This script creates an interactive demonstration of simple linear regression. You can select data columns for the Y and X roles or you can use a randomly generated data sample. Simply open and run the script:
Select a data column for the dependent variable and click the Y, Response button. Select another data column for the independent variable and click the X, Predictor button. Click OK.
(Note that you do not have to use data columns for this demonstration. Simply click Cancel and the script will generate a random sample for you.)
The demonstration provides a scatter plot of the data as its main feature. The horizontal blue line represents your best fit line. It initially represents the null hypothesis that the response is independent of the predictor or that the slope is 0. You fit the blue line to the data by moving it with two handles (small squares). Be careful to place your pointer in the center of the square before dragging it. Also be careful to stop dragging when the square is away from a data point so that it is easy to move it later.
Below the plot is a collection of buttons to turn various graphical features on and off. These features allow you to:
Add or remove your best fit line, residuals, and residuals squared to the plot.
Add or remove the least squares best fit line, residuals, and residuals squared to the plot.
Display a marker for the centroid of the data.
Save the data to a new data table.
Delete the last data point.
Revert the data to the original data set.
To the right of the scatter plot is a bar chart for the sum of squares of the residuals or error and two outlines. The Model Order outline allows you to alternate between a first-order and a second-order linear regression model. The Regression outline presents the same reports as you would expect from the Bivariate or the Fit Least Squares (Minimal Report) platforms. The Regression outline depends on your line, so if you move the line, this report is immediately updated.
A typical demonstration might follow these steps:
Fit your line by dragging the two handles.
Click Your Residuals to add the vertical lines representing the regression errors. (Also represents visual criterion used by the human eye - balance the errors on both sides of the line.)
Click Your Squares to add the shaded square representing the squared regression errors.

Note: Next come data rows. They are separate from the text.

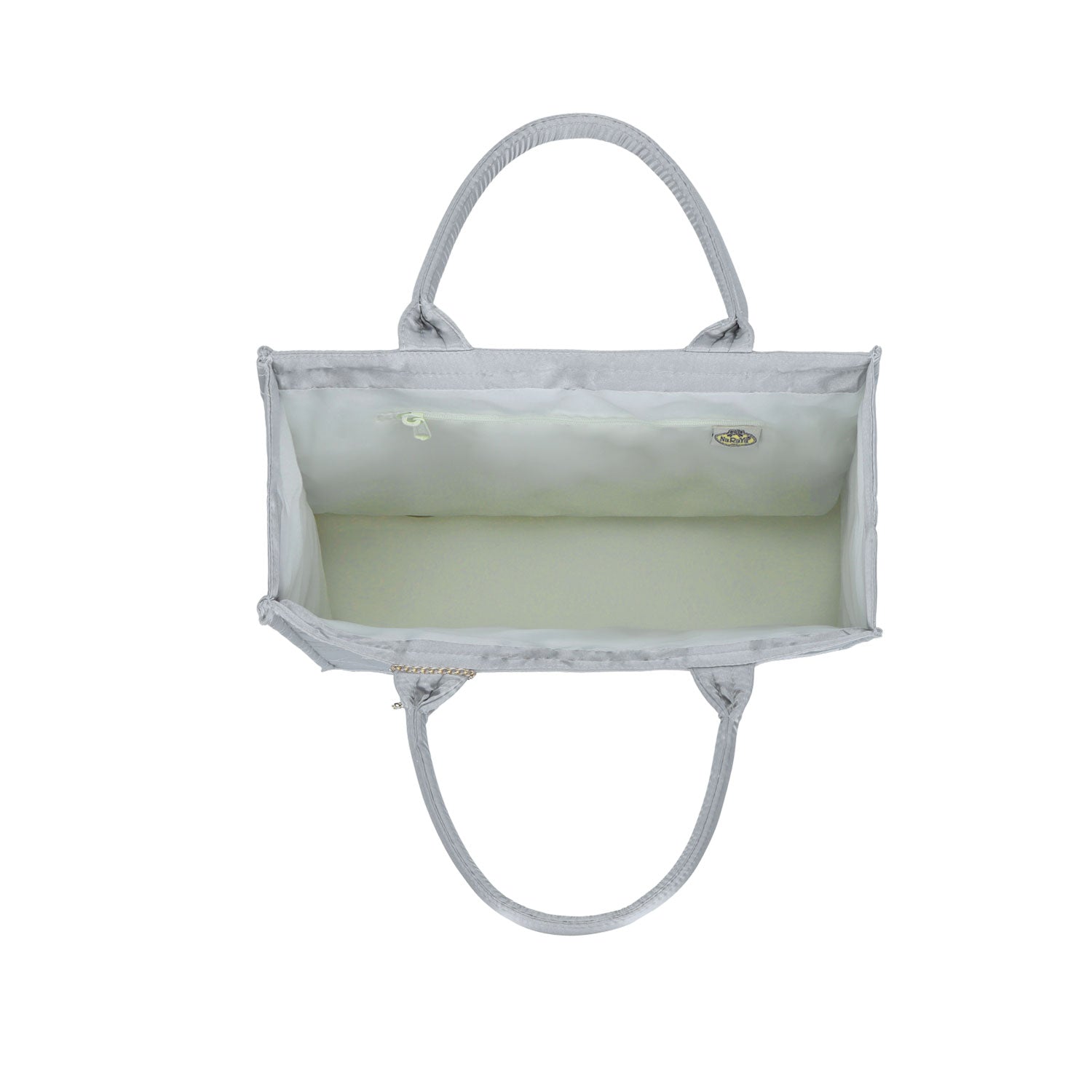 NaRaYa De Bijoux Slim Tote Bag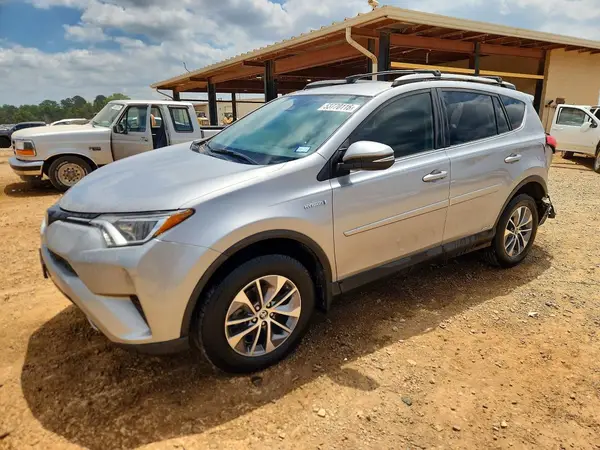 JTMRJREV0JD178319 2018 TOYOTA RAV 4 - Image 1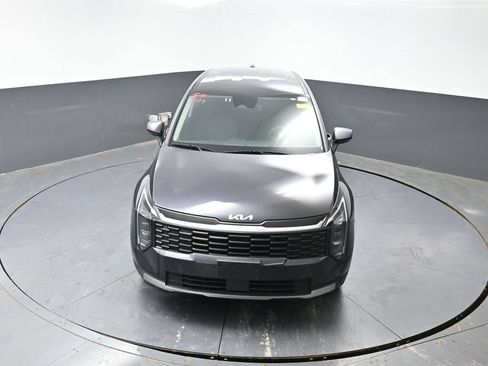 Used 2026 Kia Sportage LX FWD image 18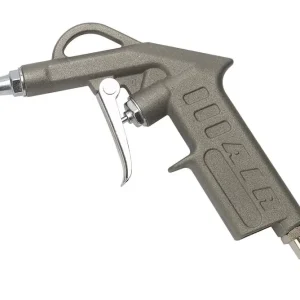 GAV lefúvató pisztoly 25mm 60A Utolsó esély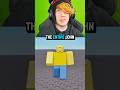 Roblox Banned Him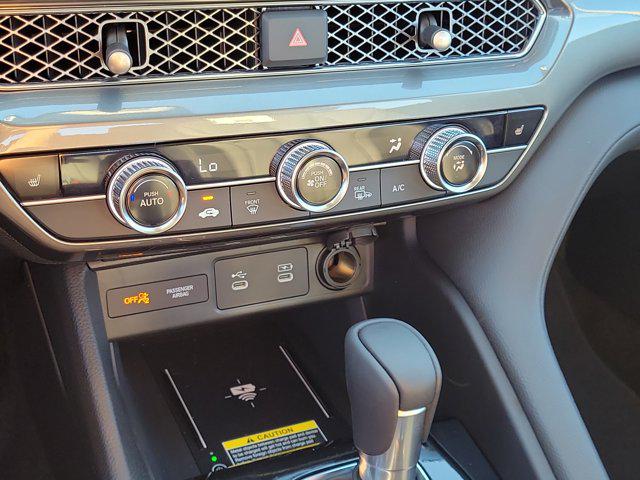 2026 Acura Integra FWD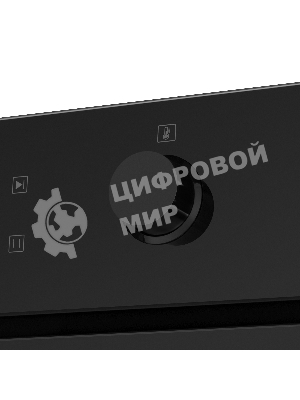 Шкаф духовой электрический Maunfeld AEOH.749B2, встраиваемый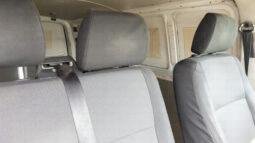 Volkswagen Transporter 2018 lleno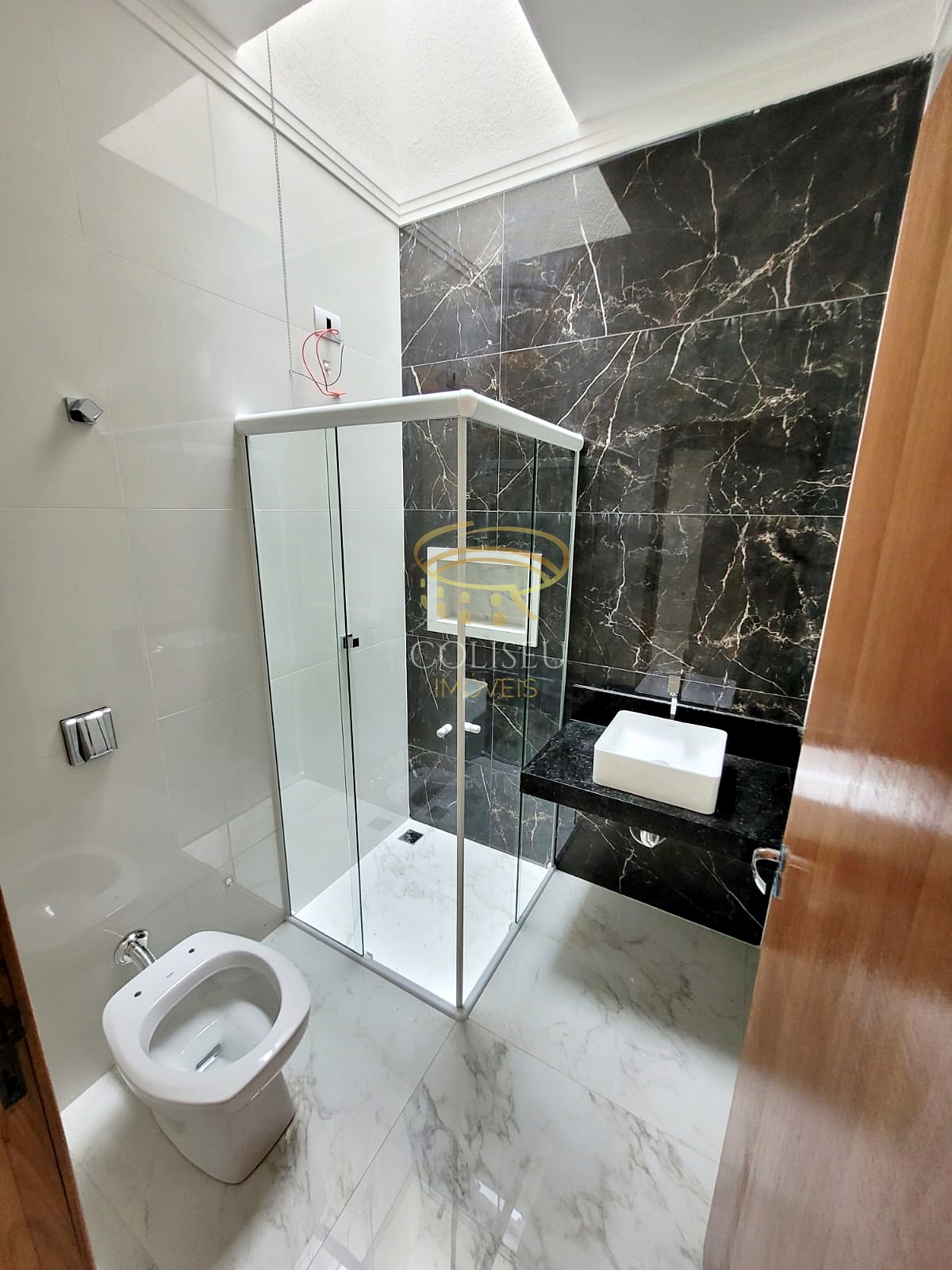 Imagem Casa com 3 Quartos à Venda, 104 m²em Jardim Novo Oásis - Maringá Imagem Casa com 3 Quartos à Venda, 104 m²em Jardim Novo Oásis - Maringá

This action also activates the bar chart to the right of the scatter plot. (Represents the actual criterion used by least squares regression for the best fit line. Area is not easily discernible by the human eye.)
Click LS Line to add the line representing the least squares regression for comparison.
Click the LS Squares to add the shaded square representing the squared regression error. This action also adds a reference line to the bar chart.
Further possibilities include changing the data. You can drag a data point. You can click anywhere to add another data point. These features allow you to discuss leverage (move a data point vertically (change in response) for an observation near the center or near one of the ends) and influence (change the scale of the axes and add a new observation far away from the original data and out of line with the regression fit).